As part of an audit in accordance with SAs, we exercise professional judgment and maintain
professional skepticism throughout the audit. We also:

• Identify and assess the risks of material misstatement of the financial statements, whether due
to fraud or error, design and perform audit procedures responsive to those risks, and obtain
audit evidence that is sufficient and appropriate to provide a basis for our opinion. The risk
of not detecting a material misstatement resulting from fraud is higher than for one resulting
from error, as fraud may involve collusion, forgery, intentional omissions,
misrepresentations, or the override of internal control.

• Obtain an understanding of internal financial control relevant to the audit in order to design
audit procedures that are appropriate in the circumstances. Under section 143(3)(i) of the
Companies Act, 2013, we are also responsible for expressing our opinion on whether the
Company has adequate internal financial controls system in place and the operating
effectiveness of such controls.

• Evaluate the appropriateness of accounting policies used and the reasonableness of
accounting estimates and related disclosures made by the management.

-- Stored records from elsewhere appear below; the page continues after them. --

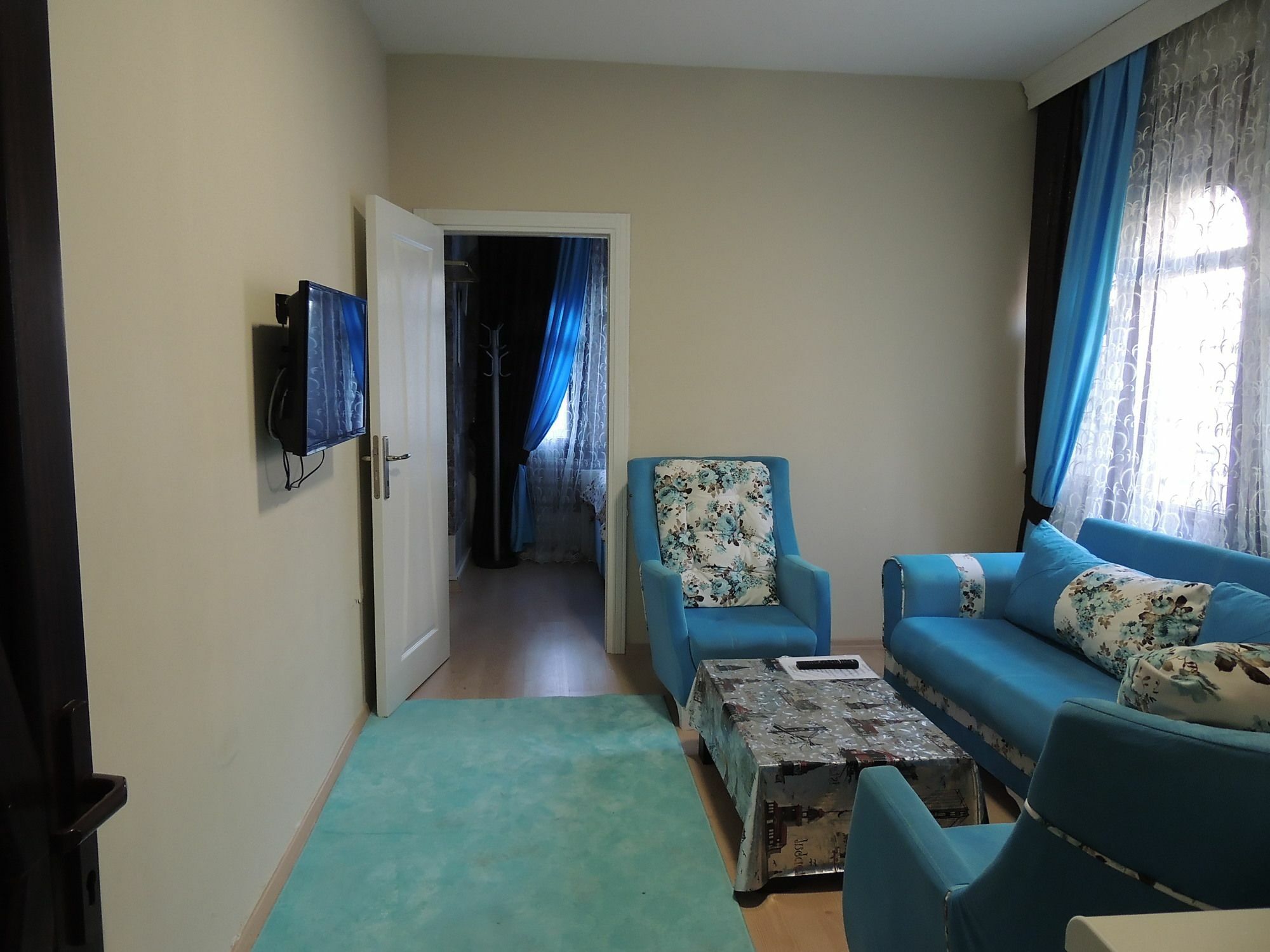 Haznedar Koeskue Aparthotel Büyükçekmece Eksteriør bilde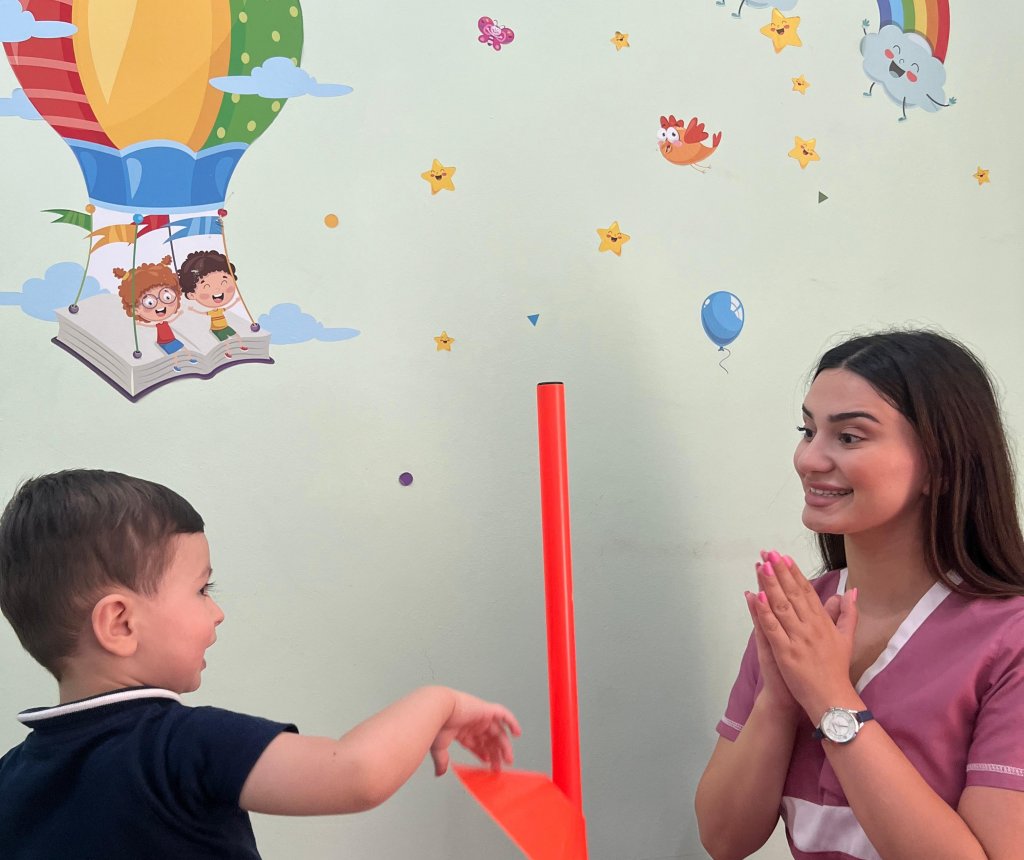 autizm mütəxəssisi Arzu Bağırlı: "Ailələrin böyük sevincinə səbəb olacağım ağlıma gəlməzdi"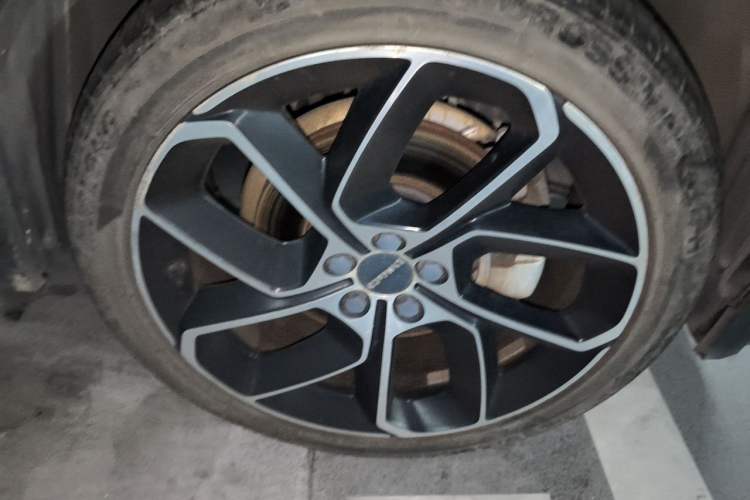 Used Lynk & Co 05 2020 2.0TD Two-Wheel Drive Shine Halo Right Front Wheel Hub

• Conclude on the appropriateness of management's use of the going concern basis of
accounting and, based on the audit evidence obtained, whether a material uncertainty exists
related to events or conditions that may cast significant doubt on the Company's ability to
continue as a going concern. If we conclude that a material uncertainty exists, we are required
to draw attention in our auditor's report to the related disclosures in the financial statements
or, if such disclosures are inadequate, to modify our opinion. Our conclusions are based on
the audit evidence obtained up to the date of our auditor's report. However, future events or
conditions may cause the Company to cease to continue as a going concern.

• Evaluate the overall presentation, structure and content of the financial statements, including
the disclosures, and whether the financial statements represent the underlying transactions

and events in a manner that achieves fair presentation.

Materiality is the magnitude of misstatements in the financial statements that, individually or in
aggregate, makes it probable that the economic decisions of a reasonably knowledgeable user of
the financial statements may be influenced. We consider quantitative materiality and qualitative
factors in (i) planning the scope of our audit work and in evaluating the results of our work; and
(ii) to evaluate the effect of any identified misstatements in the financial statements.

We communicate with those charged with governance regarding, among other matters, the
planned scope and timing of the audit and significant audit findings, including any significant
deficiencies in internal control that we identify during our audit.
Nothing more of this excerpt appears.